Wednesday, October 27, 2010

Zeti Says: No Sudden Moves

On Bloomberg today:

Malaysia’s Zeti Doesn’t Want ‘Sudden’ Currency Moves

Oct. 27 (Bloomberg) -- Malaysian central bank Governor Zeti Akhtar Aziz said she doesn’t want to see sudden currency moves and expressed concern that global policy makers may rely too much on exchange-rate changes to deliver sustainable growth…

…Bank Negara Malaysia should watch the ringgit’s “underlying trend” and wants gradual moves, Zeti said. Malaysia’s currency reached a 13-year high this month.

“There’s an over-focus on the exchange rate for adjustment to take place,” Zeti, who helped oversaw [sic] the removal of Malaysian currency controls in 2005, said in a Bloomberg Television interview broadcast today. “If you want to unwind global imbalances, it should comprise of adjustment in demand, in prices and in the exchange rate. If we overly rely on any one of these, it’s destabilizing for the global economy.”…

…“The underlying trend for us has been an appreciating currency,” Zeti said. “But, in order for the currency to reflect the underlying fundamentals, this has to take place over a period of time. We don’t want to see sudden movements. It has to be a gradual adjustment.”

…Malaysia’s currency has appreciated 10.3 percent this year, the second-best performance in Asia excluding Japan, even as the government reported that the nation’s export growth slowed every month since March. The Thai baht gained 11.5 percent to also trade near its strongest level since 1997.

The way I read this is that BNM is comfortable with a Ringgit appreciation, but will intervene if it moves too fast in either direction. What the parameters might be for BNM to intervene in the Ringgit exchange rate remains unsaid, though an examination of daily trading ranges might yield some insight.
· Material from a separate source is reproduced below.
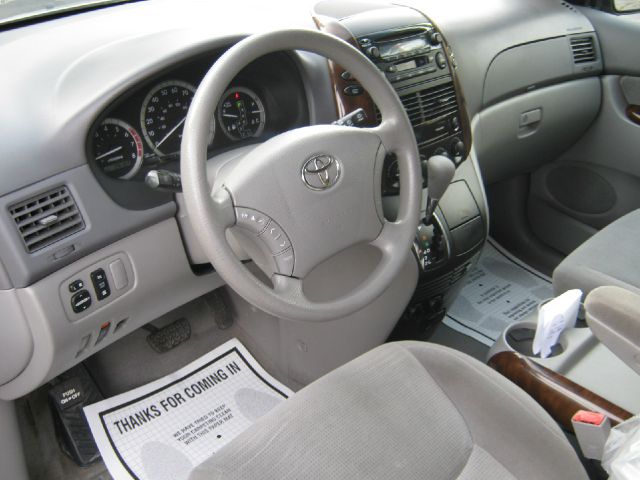 2004 Toyota Sienna 4.6L XLT Sport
I was of the opinion that the Ringgit was slightly overvalued at the end of 2007, which somewhat justifies the pullback that we saw in early 2008. Now, two years down the road and with recovery well-entrenched, I’d say its now close to fair value over the short term, but with a medium term bias towards strengthening further. With the forex market’s tendency to overshoot, I wouldn’t bet against a breach of the RM3.00 to the USD level by early 2011.